Mr. Du Sautoy ultimately believes that Ada Lovelace was mistaken, but I feel this is more down to interpretation rather than to clinical facts. What the author does rightly acknowledge is that data is the fuel of A.I. That access to data will probably be the oil of the 21st century. Where he fails is in not grappling with the consequences of data as fuel and its ethical ramifications. “Don’t worry about all those people in the Middle East, they don’t matter considering all that oil that’s right under their feet,” the writer seems to be saying.
In the Creativity Code, there is some interesting exploration of how the use of algorithms is teaching us about how humans think about subjects and how we go about creativity. To unlock the human algorithm. It is particularly insightful to recognize that the creative leap is not to create new things, but to recognize when one of those new things may have value to others.
While Mr. Du Sautoy worries about his own profession, he is all to ready to write off whole armies of other creative people because he does not consider the work they do to have value. Whether that is to write business articles or reports, or to write background royalty free music. He fails to realize that it is this “bread and butter” creative work that allows writers and composers to work on projects more dear to their hearts. The author seems to believe that this “drudge work” is holding them back from doing more interesting things. No, it’s the money these creatives charge that has an impact on the bottom line and Machine Learning is cheaper. These creative people will not have more time for more interesting work. They will be unemployed. That the previous work of the creatives is used by machine learning as part of its training data, its fuel, is of course just salt in the wound.

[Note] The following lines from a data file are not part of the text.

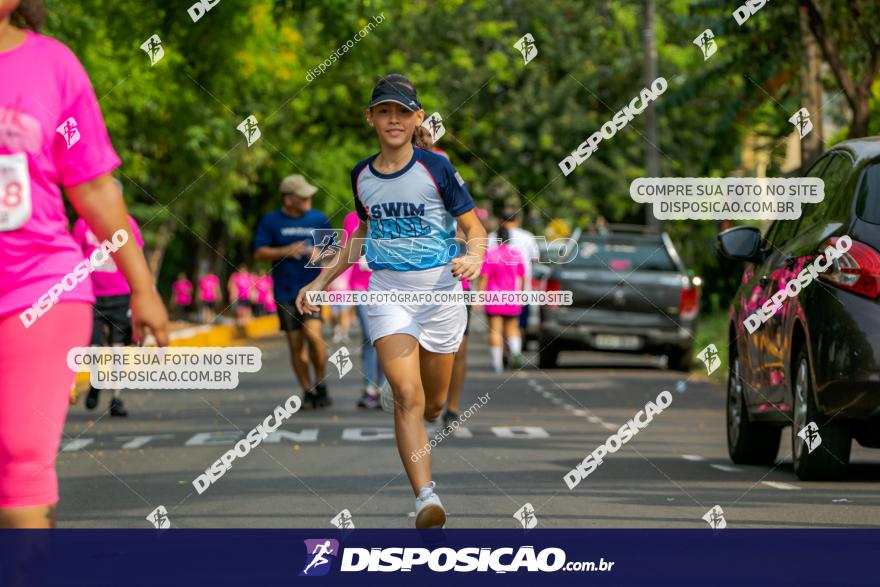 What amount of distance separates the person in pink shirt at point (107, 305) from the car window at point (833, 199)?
Result: 20.4ft

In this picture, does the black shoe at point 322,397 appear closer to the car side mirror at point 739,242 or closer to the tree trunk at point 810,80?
the tree trunk at point 810,80

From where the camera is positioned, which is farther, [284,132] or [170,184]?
[284,132]

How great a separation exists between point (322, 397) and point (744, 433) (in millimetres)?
6202

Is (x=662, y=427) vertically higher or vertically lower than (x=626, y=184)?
lower

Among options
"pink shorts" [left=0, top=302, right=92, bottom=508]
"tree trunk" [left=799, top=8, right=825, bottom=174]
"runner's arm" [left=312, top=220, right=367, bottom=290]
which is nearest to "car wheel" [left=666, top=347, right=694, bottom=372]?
"tree trunk" [left=799, top=8, right=825, bottom=174]

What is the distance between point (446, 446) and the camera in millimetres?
12523

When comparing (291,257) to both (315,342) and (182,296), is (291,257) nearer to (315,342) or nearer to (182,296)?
(315,342)

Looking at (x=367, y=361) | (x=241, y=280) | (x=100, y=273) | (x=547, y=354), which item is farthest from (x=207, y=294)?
(x=100, y=273)

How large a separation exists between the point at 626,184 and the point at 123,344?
30728 mm

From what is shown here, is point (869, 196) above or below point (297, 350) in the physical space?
below

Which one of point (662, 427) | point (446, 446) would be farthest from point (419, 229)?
point (662, 427)

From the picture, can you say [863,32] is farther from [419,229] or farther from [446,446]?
[419,229]

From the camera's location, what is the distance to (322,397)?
16656 millimetres

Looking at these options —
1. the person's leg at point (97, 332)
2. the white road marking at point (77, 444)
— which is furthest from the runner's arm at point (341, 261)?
the person's leg at point (97, 332) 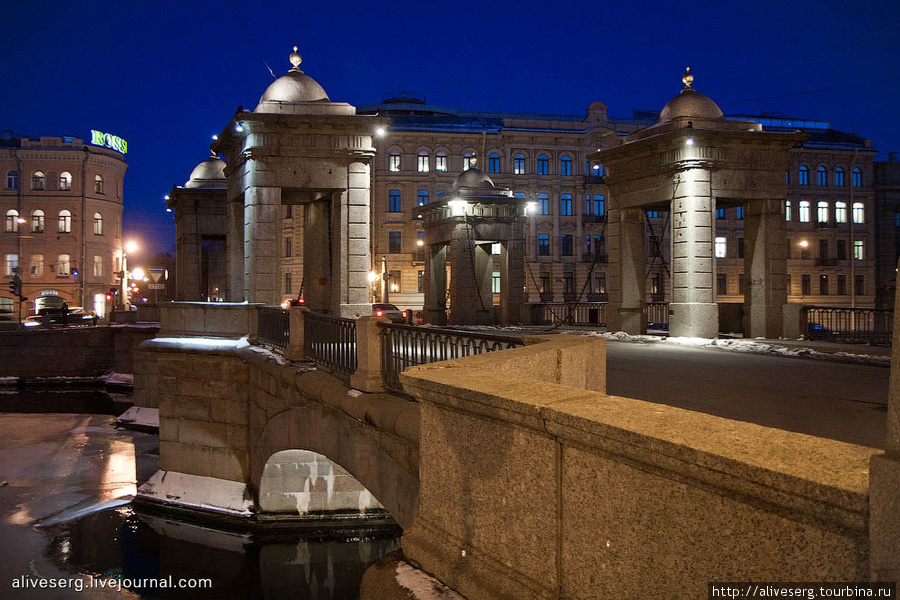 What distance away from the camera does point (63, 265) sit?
5712 cm

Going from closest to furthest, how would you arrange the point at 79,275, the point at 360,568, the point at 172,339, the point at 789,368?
the point at 789,368 → the point at 360,568 → the point at 172,339 → the point at 79,275

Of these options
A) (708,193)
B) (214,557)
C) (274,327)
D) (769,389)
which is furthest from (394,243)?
(769,389)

Indeed, Mr. Du Sautoy blithely admits that he asked a Machine Learning tool to write a section of the book for him. In a fit of worry about plagiarism, he hunts down an almost identical article on the internet – but then keeps it in the book saying; “if I get sued for plagiarism, we can then agree that this is a bad idea.”
This book probably suffers from being a book of its time, before there was seemingly endless hype and not enough skepticism surrounding Machine learning. And it is such a shame as the book is genuinely entertaining. The section on the game Go in particular raises some interesting questions. However, the lack of ethical awareness is unforgivable and tarnishes this otherwise interesting and entertaining volume.